Today I'd like to point out a few common misconceptions that religious people have about evolution and science. A recent Washington Post "On Faith" article asserts that Richard Dawkins is a "high priest" of evolution, which is what inspired me today.
Evolution is not a religion. There are no beliefs in evolution that require any more faith than we all must have in our daily life. For example, the belief that our senses inform us about the world around us is a belief that everyone holds. Nowhere in evolution are we required to believe in something we cannot sense or use reason to deduce. The idea of evolution as a religion shows staggering ignorance of science and religion both.
However, many religious people still make the error of using religious hierarchy to describe atheists and scientists.
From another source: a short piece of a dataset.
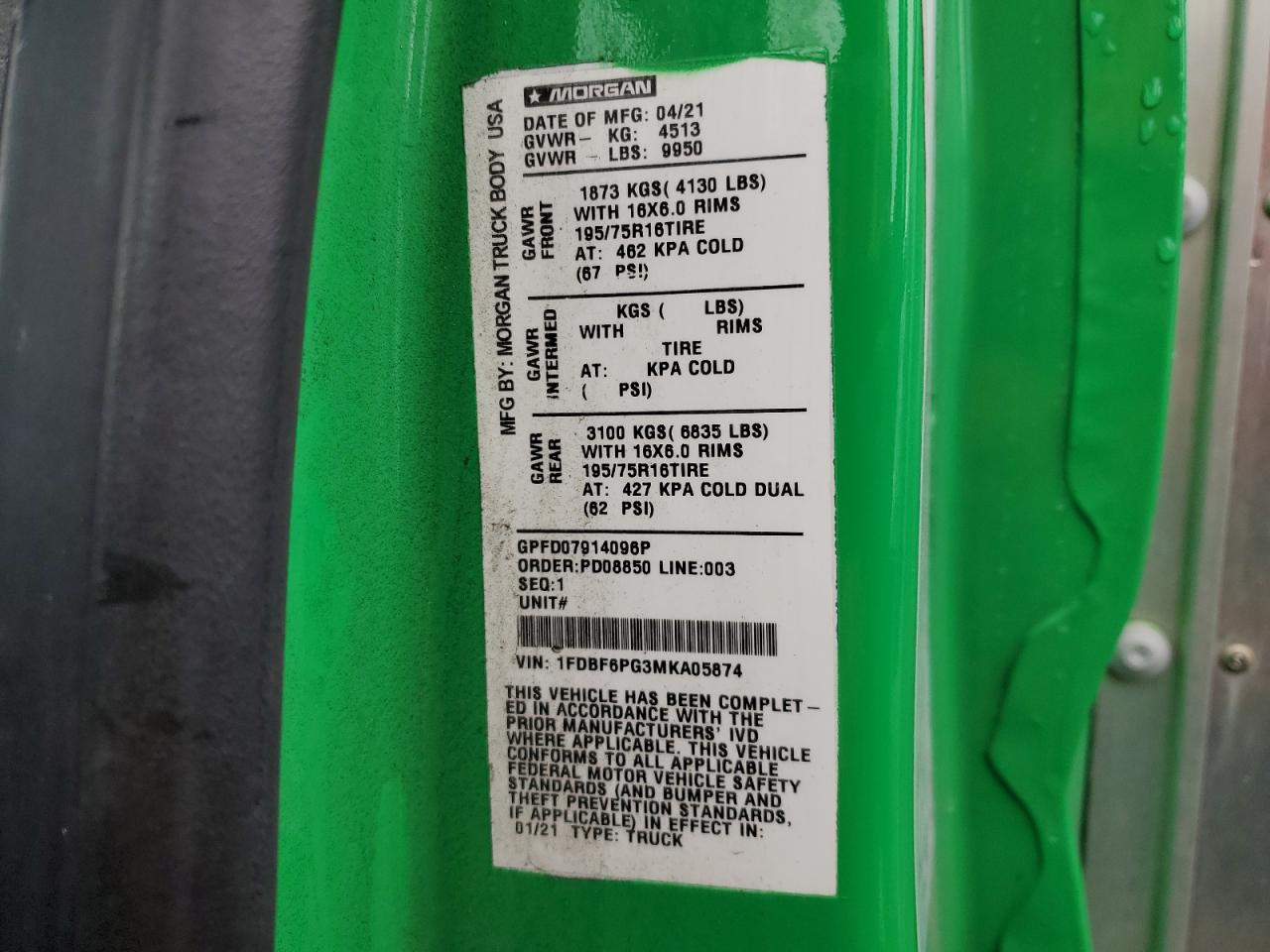 2021 Ford Transit Box Truck VIN: 1FDBF6PG3MKA05874 Lot: 93593995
Dawkins is called a "high priest worshipping at the feet of Charles Darwin" and "the world’s most loyal devotee of 'The Church of Evolution.'" Unfortunately for Jordan Sekulow, the author of these assertions, evolution does not actually meet anyone's definition of religion. I shouldn't have to mention that no one actually worships Darwin or any other scientist.
Clearly, by calling evolution a religion, Sekulow wishes to equate Dawkins' support of evolution with the actions of door-to-door missionaries, and to lower evolution to the level of mere baseless opinion. Evolution is a highly respected scientific theory with evidence and support from many areas of science, if not all sciences. Evolution and gravity are both scientific theories; in layman's terms, evolution is as much a fact as gravity is. In fact, some might say we know more about evolution than we do gravity!
By seeing evolution in its proper light as science, rather than a religion, Dawkins' message is clearly not an attempt at religious conversion. Instead, he is lamenting the popular tendency to conflate religion and science, and the resulting attitude that science is not important. Amusingly, Sekulow is upset that Dawkins considers these ideas ignorant and foolish.
Another error I see in this article is the idea that since most people believe something, it must be true. Sekulow claims that since a high percentage of Americans believe in God, and less than half believe in evolution, Dawkins could not possibly be correct that such beliefs are proof of ignorance. I can only assume Sekulow is unfamiliar with history, because otherwise he would be aware of many examples of the majority being completely wrong. Remember when everyone thought the Earth was flat? Or that the Earth was the center of the universe?
In closing, I'd like to point out that calling someone an elitist for being educated and expecting others to try to learn is despicable. It's the equivalent of writing "proud ignoramus" on your forehead. I'd also like to encourage everyone to spend some time learning about the scientific method and evolution before calling them false.